Casafuz, como con vergüenza, comenzó el relato: “Es que a la tarde, cinco más o menos, se escuchan las máquinas de escribir sin que nadie las utilice, no sólo en nuestro juzgado, sino también en los otros” -dijo con dudas y mirando al piso.
“Qué va a ser, che. Te chupaste”, agregó otro. El morocho guardó silencio. Saltó Abellán, pidiendo la palabra: “Alto -casi gritó-, lo que dice el negro es cierto y muchos de nosotros escuchamos y vimos, vimos. A no hacerse el loco”.
Un silencio se instaló en la reunión. Se escuchaba únicamente el masticar del asado. “Lo que ocurre es que si decís esto, te creen loco, pero sí se escuchan las máquinas, y se ven figuras por la escalera y estamos solos, es lo más grave”, afirmó González.

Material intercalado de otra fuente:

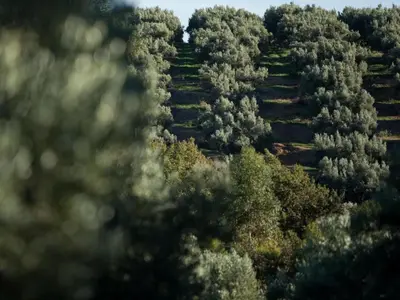 an overhead view of a forest of trees at Retreat at Waterfall Valley in Paarl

Alegre, un hombre bajito, canoso, de los más antiguos de tribunales, terció: “Yo me encontré con un señor abogado que iba a la biblioteca con un libro en la mano, pero resulta que hace mucho murió. Y no una sola vez, varias”. ¡Eh! -gritó otro más joven, incrédulo el mismo, aunque nadie lo acompañó en su protesta.
La conversación se centró en las máquinas que se escuchan a la tardecita, las teclas que se movían y mueven, sin humano que las utilice o maneje. Secretarios que tenían y tienen miedo de quedarse o ir a los baños solos, etc. Eso de ir al lavabo en conjunto se hizo una costumbre.
Lo del hombre en la biblioteca, todos coincidieron que era habitual que estuviera sentado hacia el sur al lado de la ventana que da a la calle. No era incompatible la presencia siempre de un gran jurista correntino, don Julio, cuyo segundo domicilio era la biblioteca, pero a él nunca se lo escuchó decir absolutamente nada. En cambio, muchas bibliotecarias vivían en estado de pavor ante la presencia extraña.
Que el viejo abogado espectro sacara un libro causaba pavor. Algunos estudiantes, pocos por cierto, cuchicheaban por lo bajo criticando las ropas antiguas del letrado, sin saber que en realidad éste había fallecido hace años.
Últimamente, salen todos juntos del edificio, tras ellos se escucha el teclear de las máquinas. Los oscuros pasillos del añoso edificio guardan demasiadas historias y secretos de todo tipo: amores encontrados, muertes dudosas, herencias indebidas, sentencias justas e injustas a saberse. Afirma una vieja conocida -medio bruja ella- que trabaja en tribunales, que algunos abogados no se marcharon de los juzgados, sus almas deambulan por los espacios reclamando justicia, expedientes que se caen, hojas que aparecen en lugares extraños y sensaciones de presencias generan un estado de incertidumbre. Algunos se rodean de santos y velas, otros rocían con agua bendita sus despachos. Tribunales se convirtió en un santuario de adoración de todo tipo de dioses, desde San La Muerte hasta el Gaucho Gil, que entre todos es el más honrado. ¿Es posible? Dicen los empleados que habiendo tantos malos en ese edificio es extraño que no se venga abajo.